This is part of KFC’s campaign to become the only food served at the United Nations, thus preventing all wars.

#5. Chevrolet: “If You Drive A Ford, You Will Be Killed By A Bear”

When Ford announced their new F-150 truck would be made out of an aluminum alloy, their rivals at Chevrolet decided to run a series of ads reminding everyone that they’re still using steel. Not only that, but Chevy wanted to make it clear that aluminum is for pussies — dead pussies.

In this deranged psychological experiment passing itself as a car ad, a bunch of people whom we’re assured are not actors are put in a room with two cages: one made of steel and one made of aluminum.

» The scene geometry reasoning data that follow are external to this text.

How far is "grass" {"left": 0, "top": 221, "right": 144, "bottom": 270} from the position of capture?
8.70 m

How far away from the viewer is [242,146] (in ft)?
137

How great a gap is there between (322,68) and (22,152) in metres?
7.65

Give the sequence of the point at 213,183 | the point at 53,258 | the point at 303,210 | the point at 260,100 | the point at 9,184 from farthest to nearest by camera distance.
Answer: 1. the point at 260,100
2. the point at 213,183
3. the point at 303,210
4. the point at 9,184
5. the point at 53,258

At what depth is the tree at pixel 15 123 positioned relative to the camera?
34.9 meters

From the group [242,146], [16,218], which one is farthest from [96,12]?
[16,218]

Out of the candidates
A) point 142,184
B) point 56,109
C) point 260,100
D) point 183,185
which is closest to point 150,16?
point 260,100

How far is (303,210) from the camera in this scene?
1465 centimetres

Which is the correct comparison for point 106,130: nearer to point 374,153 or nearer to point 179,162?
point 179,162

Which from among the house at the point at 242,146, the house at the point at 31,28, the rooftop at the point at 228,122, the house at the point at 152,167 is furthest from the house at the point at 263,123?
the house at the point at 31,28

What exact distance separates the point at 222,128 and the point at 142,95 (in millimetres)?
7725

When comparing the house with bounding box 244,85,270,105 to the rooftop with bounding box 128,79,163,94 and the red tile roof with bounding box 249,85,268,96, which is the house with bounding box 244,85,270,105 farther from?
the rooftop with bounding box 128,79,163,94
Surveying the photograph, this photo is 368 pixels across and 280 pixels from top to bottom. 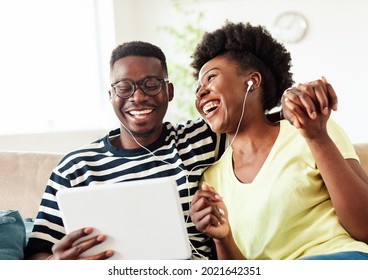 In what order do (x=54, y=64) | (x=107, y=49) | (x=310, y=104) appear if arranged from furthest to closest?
(x=107, y=49), (x=54, y=64), (x=310, y=104)

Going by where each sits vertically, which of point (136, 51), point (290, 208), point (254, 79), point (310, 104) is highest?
point (136, 51)

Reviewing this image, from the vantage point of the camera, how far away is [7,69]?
2.99 meters

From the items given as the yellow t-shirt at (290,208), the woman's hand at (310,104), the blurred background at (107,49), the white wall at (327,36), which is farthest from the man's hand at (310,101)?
the white wall at (327,36)

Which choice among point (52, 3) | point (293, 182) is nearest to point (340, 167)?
point (293, 182)

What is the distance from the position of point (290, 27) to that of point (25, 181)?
255 cm

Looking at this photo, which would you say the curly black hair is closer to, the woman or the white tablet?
the woman

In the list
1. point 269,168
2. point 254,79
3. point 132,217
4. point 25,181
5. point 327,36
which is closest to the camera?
point 132,217

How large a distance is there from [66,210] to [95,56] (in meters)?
2.52

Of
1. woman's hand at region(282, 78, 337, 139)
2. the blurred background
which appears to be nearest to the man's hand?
woman's hand at region(282, 78, 337, 139)

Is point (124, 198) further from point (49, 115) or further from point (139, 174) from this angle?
A: point (49, 115)

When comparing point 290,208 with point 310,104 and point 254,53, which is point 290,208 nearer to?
point 310,104

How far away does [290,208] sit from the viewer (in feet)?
3.66

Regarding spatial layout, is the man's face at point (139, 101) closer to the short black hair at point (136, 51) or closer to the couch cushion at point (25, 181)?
the short black hair at point (136, 51)

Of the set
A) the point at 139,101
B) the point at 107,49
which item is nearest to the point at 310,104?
the point at 139,101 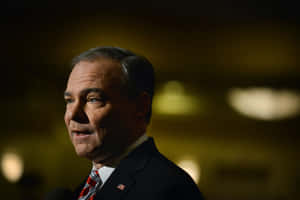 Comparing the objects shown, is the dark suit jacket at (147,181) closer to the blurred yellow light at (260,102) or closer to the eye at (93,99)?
the eye at (93,99)

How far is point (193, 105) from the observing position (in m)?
3.13

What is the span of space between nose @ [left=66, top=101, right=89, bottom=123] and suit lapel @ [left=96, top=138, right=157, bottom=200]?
0.16 meters

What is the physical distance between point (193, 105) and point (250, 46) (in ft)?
2.51

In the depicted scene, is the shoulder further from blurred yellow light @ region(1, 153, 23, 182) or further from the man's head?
blurred yellow light @ region(1, 153, 23, 182)

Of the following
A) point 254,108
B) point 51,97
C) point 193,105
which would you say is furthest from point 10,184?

After interrogating these non-experts about the properties of each metal, the Chevy representative releases a live freaking bear into the room, giving the volunteers a few seconds to pick a cage in which to shit themselves.

The poop stains will be less visible on the black bars.

And yes, according to Chevy themselves, that wasn’t CGI or two little people in a suit. It was a real “known Hollywood bear” — a phrase presumably indicating that this bear is a regular fixture at cocaine-misted after parties on the Sunset Strip.

The bear was actually their second choice, after Gary Busey turned them down.

All the volunteers picked the steel cage, which Chevrolet presented as indisputable evidence that steel is superior to aluminum, ergo they make better cars than Ford. Except, as you probably guessed, that isn’t even true. It turns out aluminum has a range of advantages when it comes to auto construction. Being a lighter element, it allows for more flexibility without necessarily compromising the strength (incidentally, it’s also what they use for real bear cages). In fact, after spending considerable money making fun of aluminum in various ads, Chevy’s parent company, General Motors, ended up announcing that they’re switching to aluminum themselves beginning in 2018. The point is, the only reason you should ever lock yourself in a steel cage is if you’re a professional wrestler.

#4. Kraft Mac & Cheese: “Eating Our Food Will Make You Destroy Your Family”

You don’t have to try too hard to sell macaroni and cheese. It’s the perfect food for people who are too busy and/or lazy to spend more than eight minutes cooking dinner, which accounts for roughly 90 percent of the population. One of the only ways you could make mac and cheese seem unappealing is by suggesting that eating it will force you to destroy your family. Which, of course, is exactly what Kraft did in an entire series of commercials.

In this first ad, presumably written by an unmarried behavioral psychologist who poisons stray animals, a dad is casually hanging out in a living room when he gets a text from his (very) pregnant wife upstairs, asking him to make some mac and cheese. The dad promptly goes to the kitchen, as the too-smart-for-his-age son (we know that because he’s reading a book) turns to the camera and recites a lesson he has clearly come to learn all too well: “Kraft Mac & Cheese will make a man do questionable things.”

“Like eat Kraft Mac & Cheese.”

The dad sits back down on the couch and eats the entire box of mac and cheese himself, then texts back “Sorry. All out.” He does all of this without a trace of emotion, like a soulless automaton murdering scores of striking factory workers because that is all it is programmed to do. Kraft’s logo then pops onscreen as a chipper voice says: “You know you want it.” The “it” in question being to starve your pregnant wife.

“Of fucks to give, I mean.”

It’s clear from his wife’s reaction that he does this kind of shit all the time, which at best means their marriage is doomed, and at worst means she’s the victim of psychological abuse. And like we said earlier, it’s not just this one ad. Kraft’s entire marketing strategy is to convince us that their macaroni and cheese will bring out the worst in you. From a cruel grandma, to a neglectful mother, to a dad with a secret family, to a lady who steals a truck, the main characters — those who get to enjoy the product and are supposed to represent the target audience — are always irredeemable sociopaths.

“Well fuck my entire family, I’m trying to eat mac and cheese.”

They even have one that uses mac and cheese as a hilarious metaphor for drug abuse and domestic violence, because this company is run by goddamned aliens.